Excerpted records START
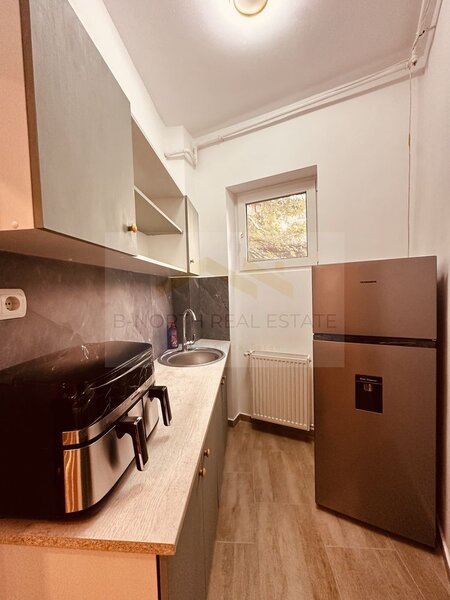 Cismigiu, apartament 2 camere de vanzare, centrala proprie, mobilat.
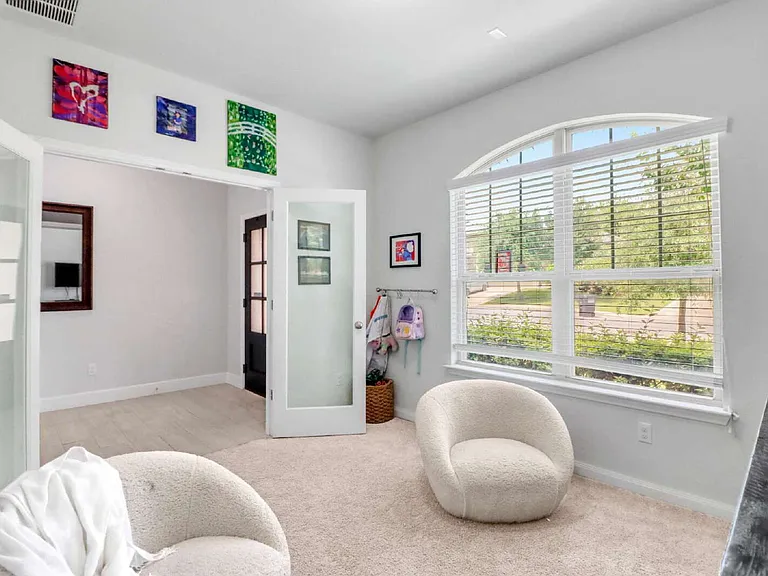 11126 Pomona Park Dr — Photo 4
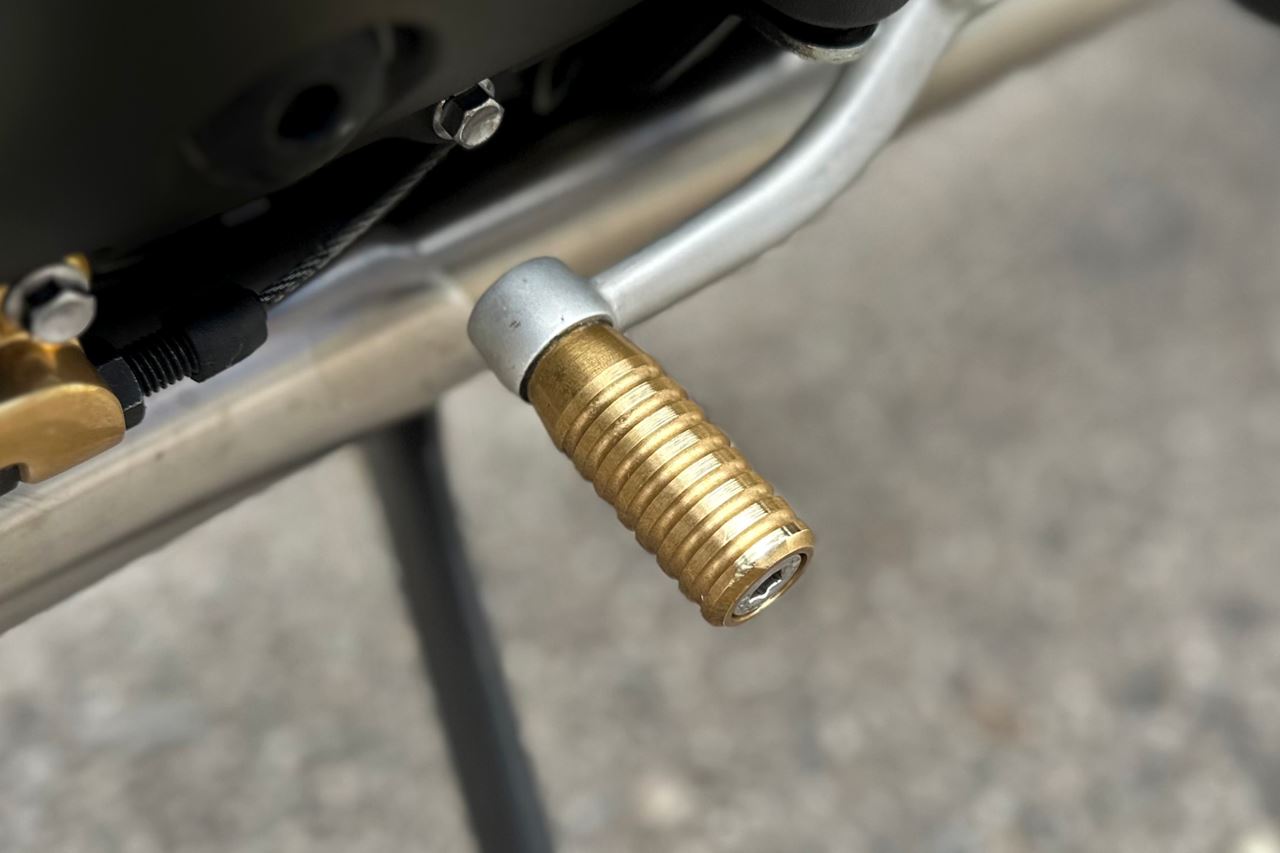 Shift Pedal Peg Ribbed Brass Length 44mm 1pc T100/T120 Speed Twin 900 Scrambler 900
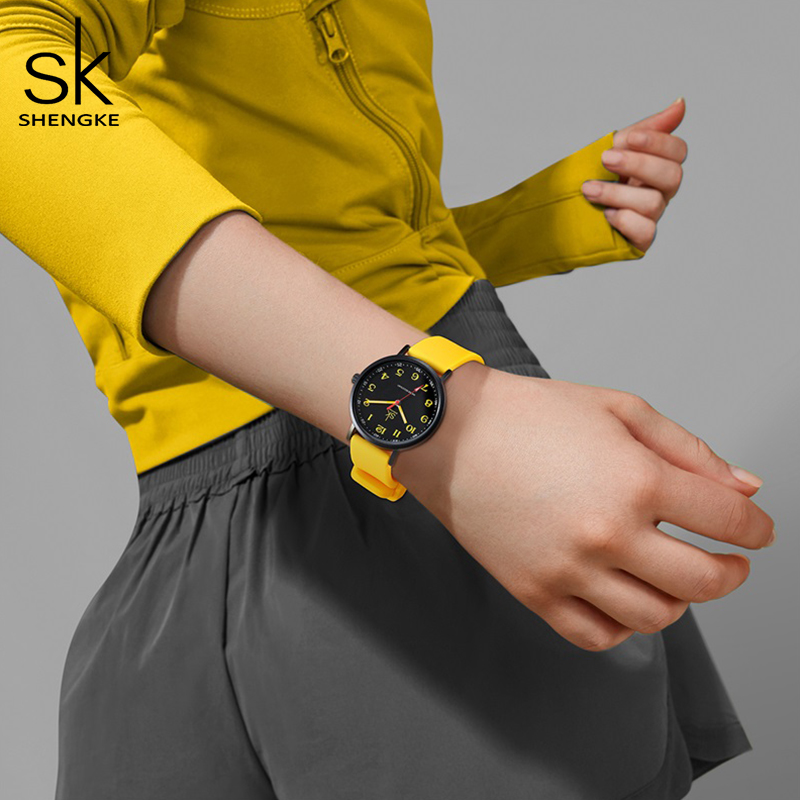 SHENGKE Women Fashion Silicone - Sport Loop Strap のレビューと価格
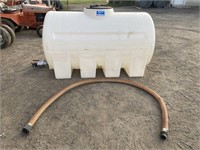 420 US gallon white tank and hose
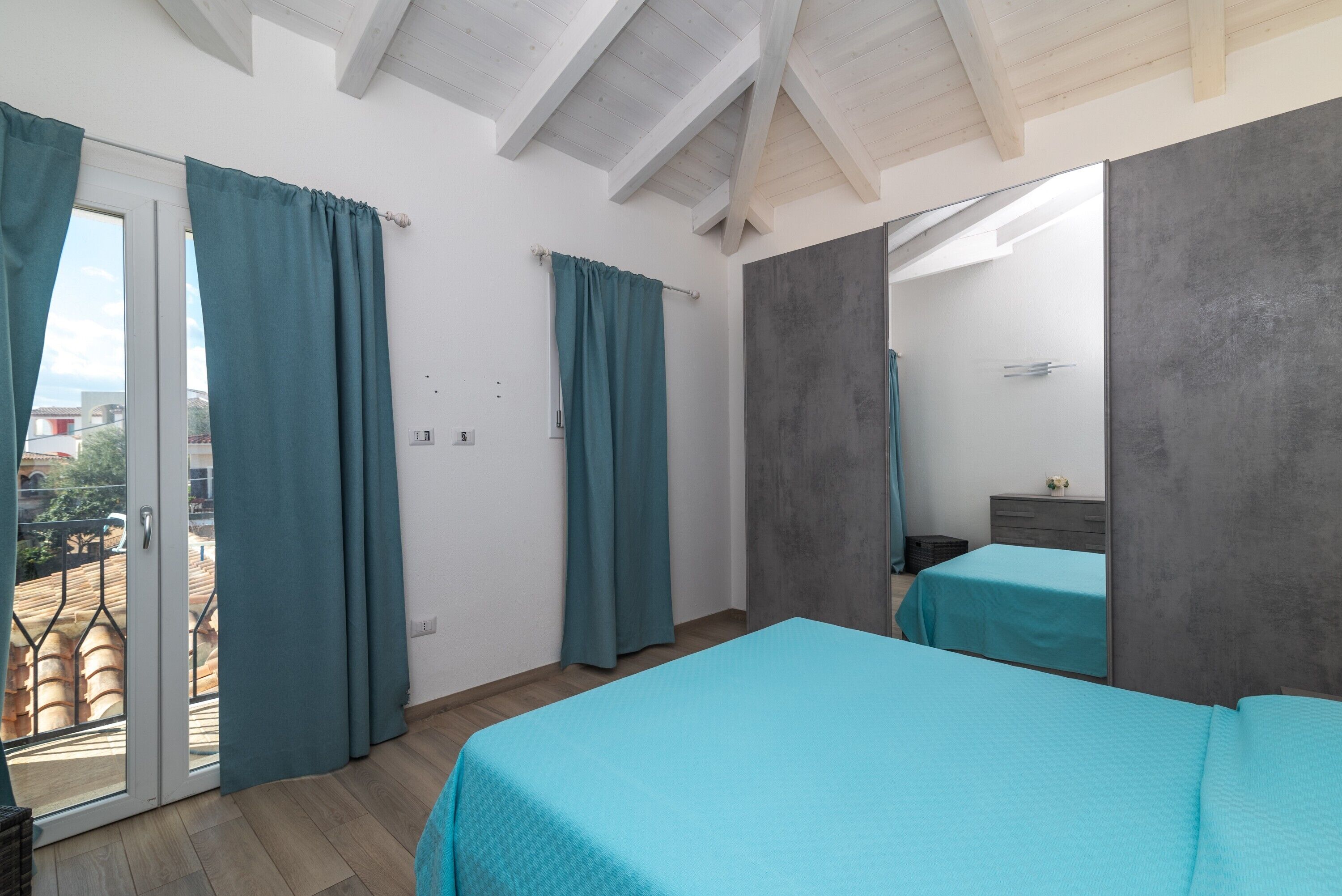 2 chambres, fer et planche à repasser, draps fournis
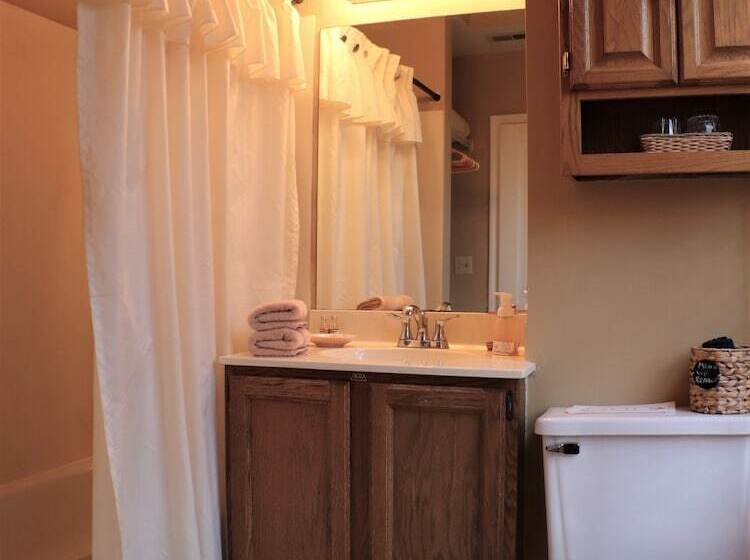 هتل 50 Lincoln Short North Bed & Breakfast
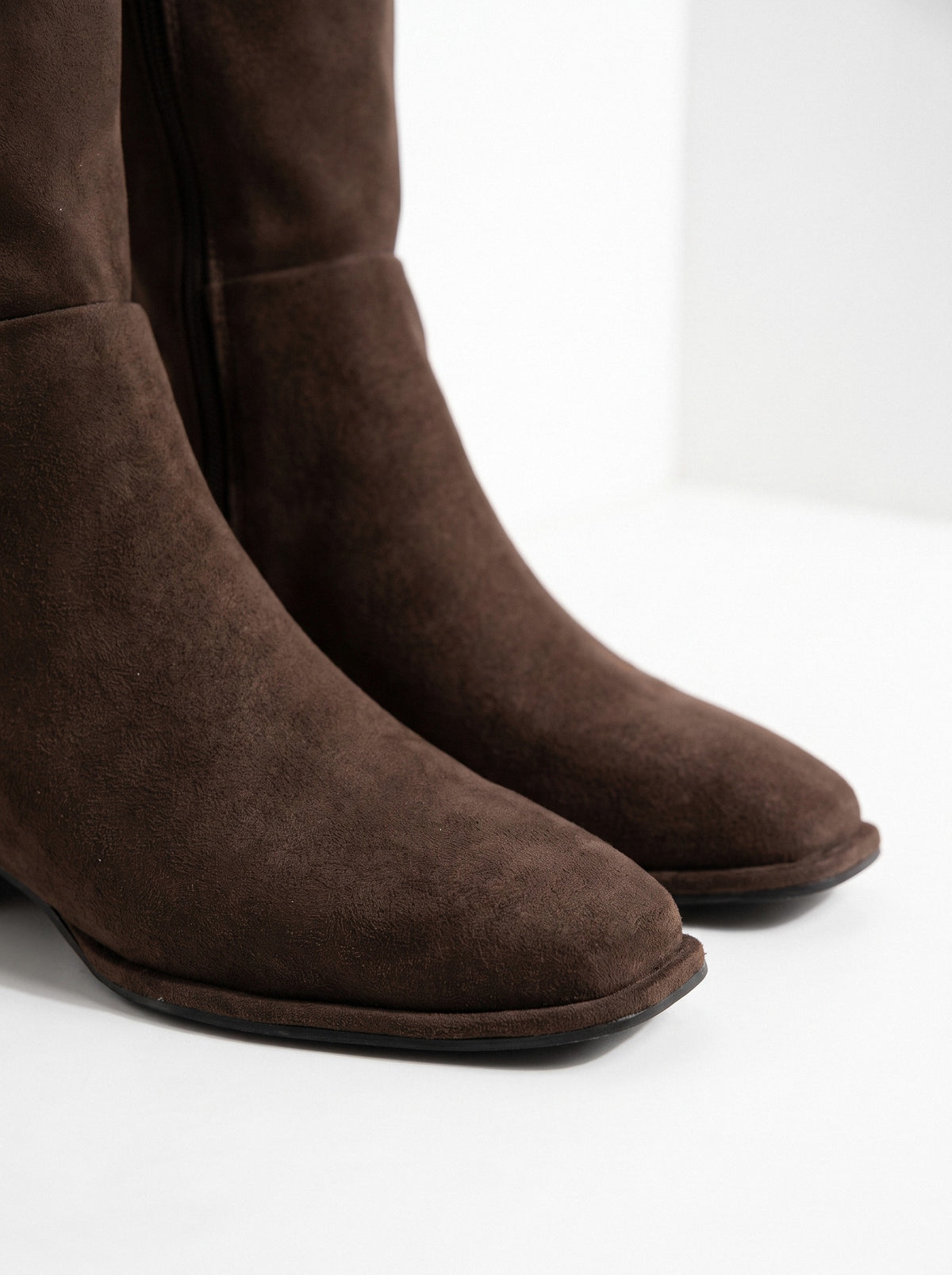 BLENIN women's suede-look over-the-knee boots in brown, suede close-up
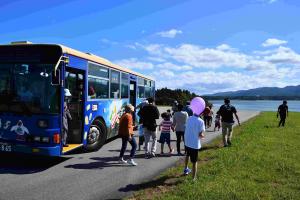 滑走路ツアーで加茂湖の大きさを実感！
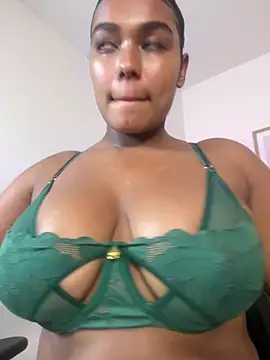 aleja_montiel__ webcam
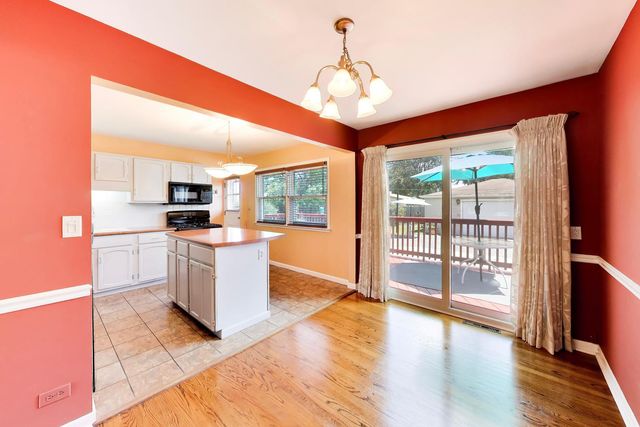1081 Willson Drive, Des Plaines, IL 60016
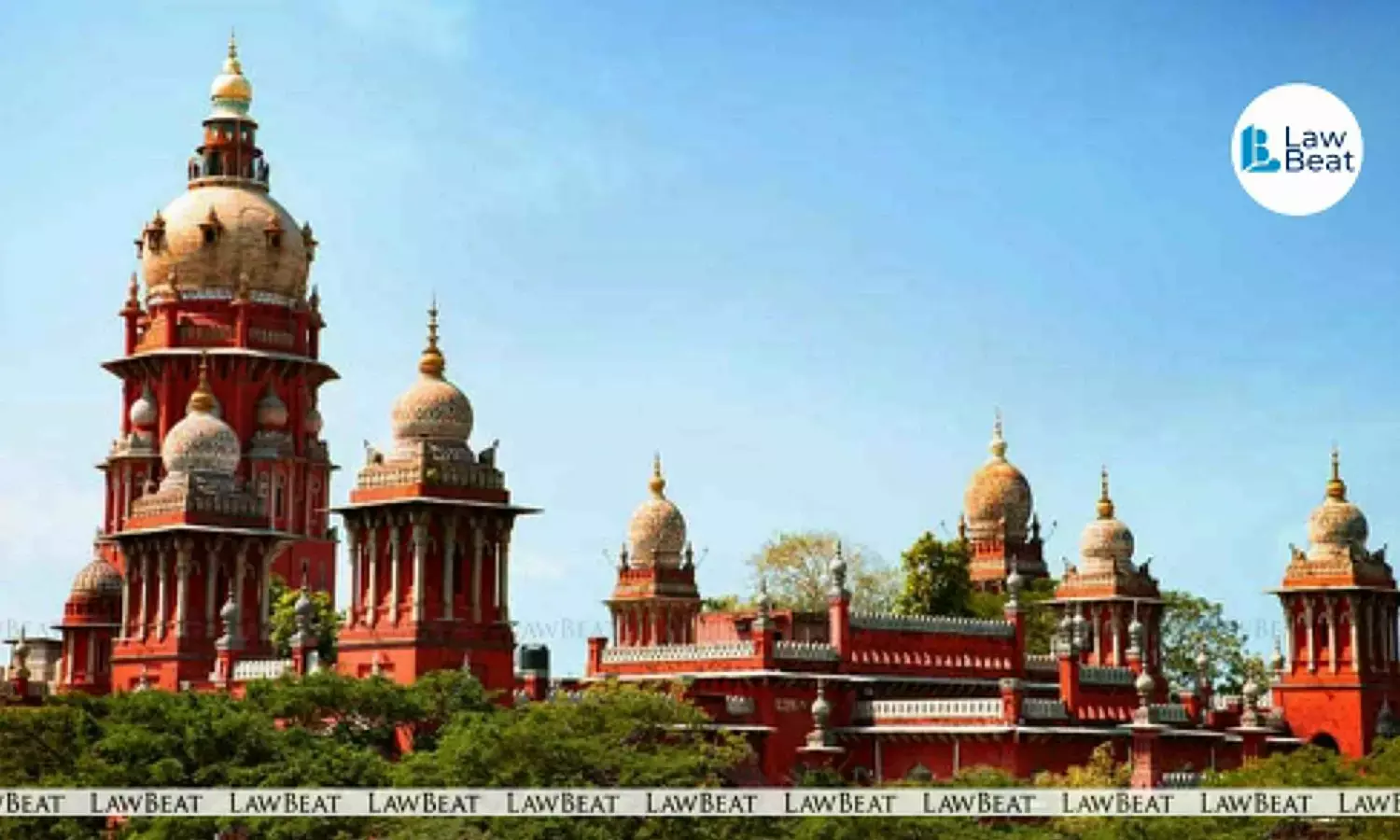 Madras High Court ruling on whether a Dargah can be treated as waqf property without satisfying requirements under the Waqf Act.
Excerpted records END
[Try it]
Look through the listing above for the line with "BLENIN women's suede-look" and the line with "1081 Willson Drive, Des Plaines, IL 60016". Write out exactly those lines and everything between, leaving out pictures.

[Task solution]
 BLENIN women's suede-look over-the-knee boots in brown, suede close-up
 滑走路ツアーで加茂湖の大きさを実感！
 aleja_montiel__ webcam
1081 Willson Drive, Des Plaines, IL 60016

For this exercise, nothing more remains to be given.